"Stability Is a Feeling," a Sylvia Plath found poem, is up at Poem-a-Day today! I'm so incredibly thankful to John Lee Clark for including me among this month's poets. You can read the poem, listen to it, and learn a little about it and my Sylvia Plath found poetry project by checking your inbox if you're a subscriber or by visiting the poets.org website!
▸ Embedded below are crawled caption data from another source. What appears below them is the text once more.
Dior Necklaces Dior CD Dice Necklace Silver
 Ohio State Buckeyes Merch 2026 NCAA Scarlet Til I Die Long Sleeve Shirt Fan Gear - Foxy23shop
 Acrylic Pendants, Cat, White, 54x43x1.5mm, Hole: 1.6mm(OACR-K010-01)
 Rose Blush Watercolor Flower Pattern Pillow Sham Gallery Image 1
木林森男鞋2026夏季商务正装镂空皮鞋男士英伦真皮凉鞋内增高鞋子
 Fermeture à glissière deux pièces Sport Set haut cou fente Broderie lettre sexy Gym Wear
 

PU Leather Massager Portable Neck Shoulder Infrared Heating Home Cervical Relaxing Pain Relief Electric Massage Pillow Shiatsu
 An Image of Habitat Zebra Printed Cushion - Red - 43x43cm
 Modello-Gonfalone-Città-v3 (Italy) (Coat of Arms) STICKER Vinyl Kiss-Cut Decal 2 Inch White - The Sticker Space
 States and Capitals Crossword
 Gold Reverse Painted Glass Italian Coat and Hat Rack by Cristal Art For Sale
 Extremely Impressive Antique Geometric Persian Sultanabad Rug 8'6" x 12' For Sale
Here is the paragraph I used from The Unabridged Journals of Sylvia Plath to write the poem with the words I selected in red:
August 2: Saturday: I have a strong feeling of sickness, of which I am heartily sick. A life of doing nothing is death. Our life is ridiculously ingrown, sedentary. Ted has fanatic ideas - he wants to get thin & eats jam, sugar, sweet things in great amounts, simply walks, won't hear of any plausible or implausible exercise - Later: Sunday morning: it is as if I needed crises of some sort to exercise my fiber. I find all cool, clear & possible this morning. The great fault of America - this part of it - is its air of pressure: expectancy of conformity. It is hard for me to realize that Dot & Frank probably don't like Ted simply because he "won't get a job, a steady career." I have actually married exactly the sort of man I most admire. I will shut up about the future for a year & face work & encourage Ted's work in which I have the greatest of faith. I find myself horrified at voicing the American dream of a home & children - my visions of a home, of course, being an artist's estate, in a perfect privacy of wilderness acres, on the coast of Maine. I will no doubt be an impractical vagabond wife & mother, a manner of exile. I must work for an inner serenity & stability which will bear me through the roughest of weathers externally: A calm, sustaining, optimistic philosophy which does not depend on a lifelong street address within easy driving distance of an American supermarket. And what fun to see England with Ted, to live in Italy, the South of France. If I can work this year like mad & get one worn-an's story published, a book of poems finished, I will be pleased: also, review & read German & French. Ironically, I have my own dream, which is mine, & not the American dream. I want to write funny & tender women's storys. I must be also, funny & tender & not a desperate woman, like mother. Security is inside me & in Ted's warmth. The smell & feel of him is worth a private fortune a year & how lucky I am - there are no rules for this kind of wifeliness - I must make them up as I go along & will do so.